The termcap library also provides a function tputs(), which correctly sends screen control sequences to the display, including any needed padding. tputs() requires a pointer to a user-supplied function which can display a single character. The function prch() (Listing 1) invokes the macro putchar(). Although it is not used here, the termcap library includes one other function, tgoto(), which uses the cm (cursor movement) string to go to a desired column and line. Because togoto() will output tabs, programs which make tgoto() calls should turn off the TAB3 bit when setting the line protocol.

The function putout() in Listing 2 is not really necessary. It is used here to check for insertions of ^G (0x7) in the text files. ^G was chosen because it passes through nroff transparently. It is used to trigger expanded font in files sent to the printer. In Bold.c, it triggers the insertion of a space between characters to simulate expanded font.

Termcap can also be used to retrieve the sequences sent by non-ASCII keys, like the arrow or functions keys. Although the termcap curses library does not use the arrow or functions keys, the keys can be added to programs which use curses for screen control by making a second set of termcap calls (curses makes it own calls to termcap), and then reading for the arrow or function key sequences in a getkey() routine (see Listing 3, keys.c).
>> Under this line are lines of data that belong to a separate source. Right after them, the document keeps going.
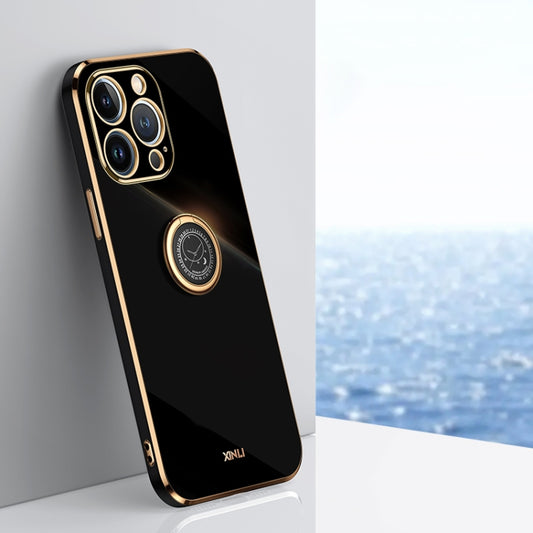 XINLI Straight Edge 6D Electroplate TPU Phone Case with Ring Holder, For iPhone 13 Pro, For iPhone 13 Pro Max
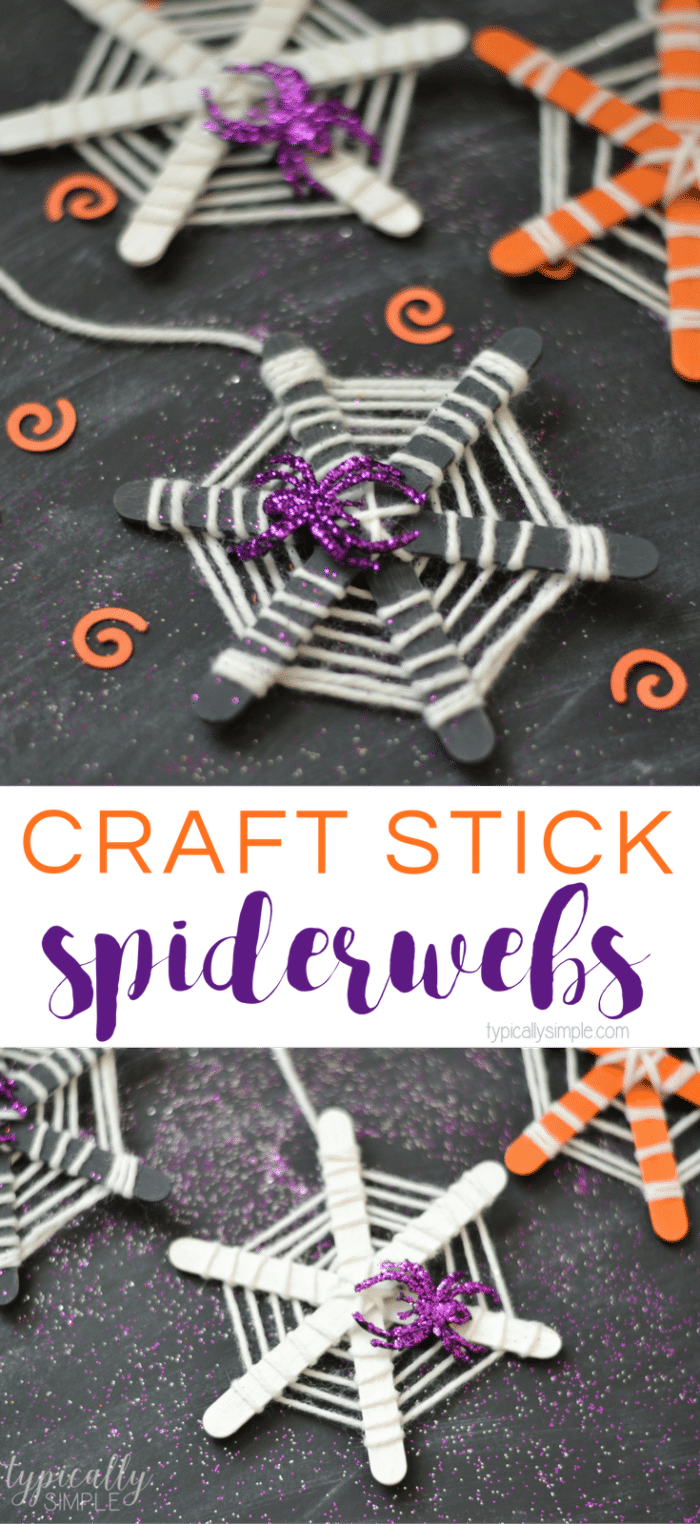 Craft Stick Spiderwebs Halloween Craft Typically Simple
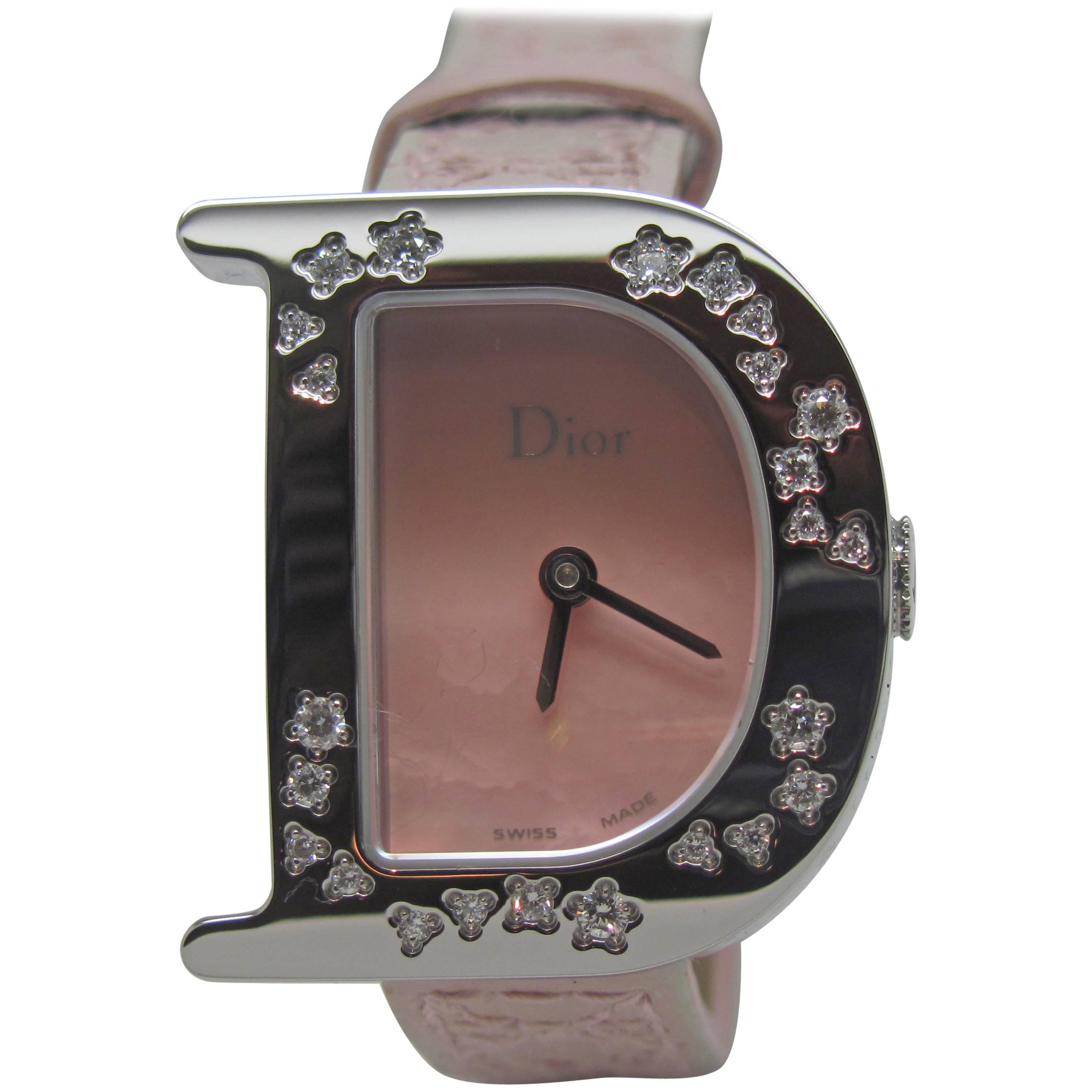 Dior Diamond Steel Watch with Pink Leather Strap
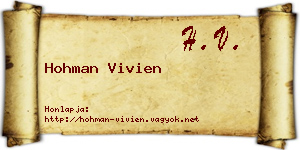 Hohman Vivien névjegykártya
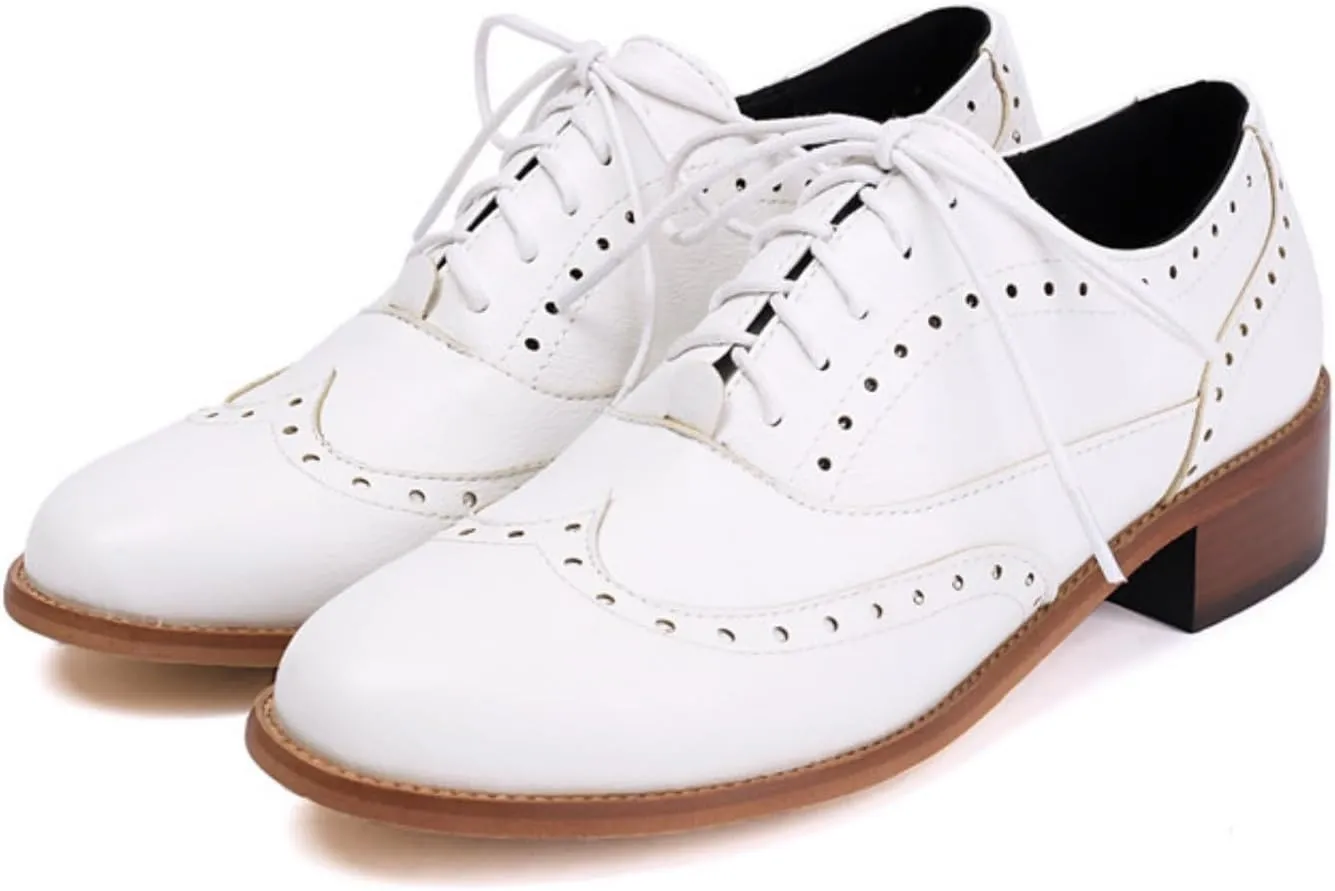 Women's Leather Lace-Up Perforated Oxfords Round Toe Low Chunky Block Heels Flats Brogues Casual Comfortable Derby Saddle Pumps Shoes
Reading arrow keys for terminals which use a single character code for each arrow (such as ^H, ^J, ^K, ^L) is simple, but many terminals, such as the PC console, send escape-prefaced strings (ESC[A, ESC[B, etc.) when the arrow keys or other non-ASCII keys are pressed. Some systems may balk at reading strings with a simple read() system call. It is worth fiddling with the VMIN and VTIME values in structure termio if you cannot read key sequences with the code in getkey(). The values in function fixquit() in Listing 3 are a good start.

The alternative is to put the strings together out of characters read one at a time. This may be the most reliable technique for an editor or other program that reads repeated sequences of fast input characters that might be misinterpreted, such as an ESC followed by a [ and an alphabetic character, which an ANSI terminal might interpret as a screen control sequence. The trick if you are reading a character at a time is to distinguish between a lone ESC (0x1b) and an ESC sent as the first character of an escape sequence. One technique is to set a timeout alarm. If you get the characters that would constitute a key string before the timeout, return the key string, otherwise return an ESC followed by individual characters. The whole procedure takes tinkering, and fast typists can foul it up. Hence, using a read() call is simpler.

One problem that can arise with the arrow key is that ^\, the UNIX "quit" character, is used as an arrow key on some terminals. Even if the "quit" signal is disabled, the keys will still be intercepted. The easiest fix to the problem is to change the "quit" key to an impossible value. The function fixquit() does this.

The global variable ttytype is set by the curses termcap routines, which in this program are called before lookupkeys(). The ttytype could be set by a call to getenv(), as in the code for Listing 1. The header file in Listing 4 (keys.h) defines integer equivalents for the arrow and function keys; these defines can be used in switch statements. (The values given are those used in the terminfo header files.)

What termcap cannot do is to optimize screen output by cutting down the overhead of repeated cursor movement sequences. The output routines in the curses library do a fair job and are simple to use. The code for life.c in Listing 5 uses these routines along with the arrow key routines from key. c, and while the speed of output cannot compare with an optimized routine writing directly to screen memory, it is quick enough on a console or a terminal running at 19,200 baud.

Highly optimized screen output which requires even more efficiency could mean a journey into the treacherous code of screen display routines which calculate the cost of each move. One such package is the display routines in the Gosling Emacs code, which quite properly carries a dire warning to those who would venture into the tangles of the code.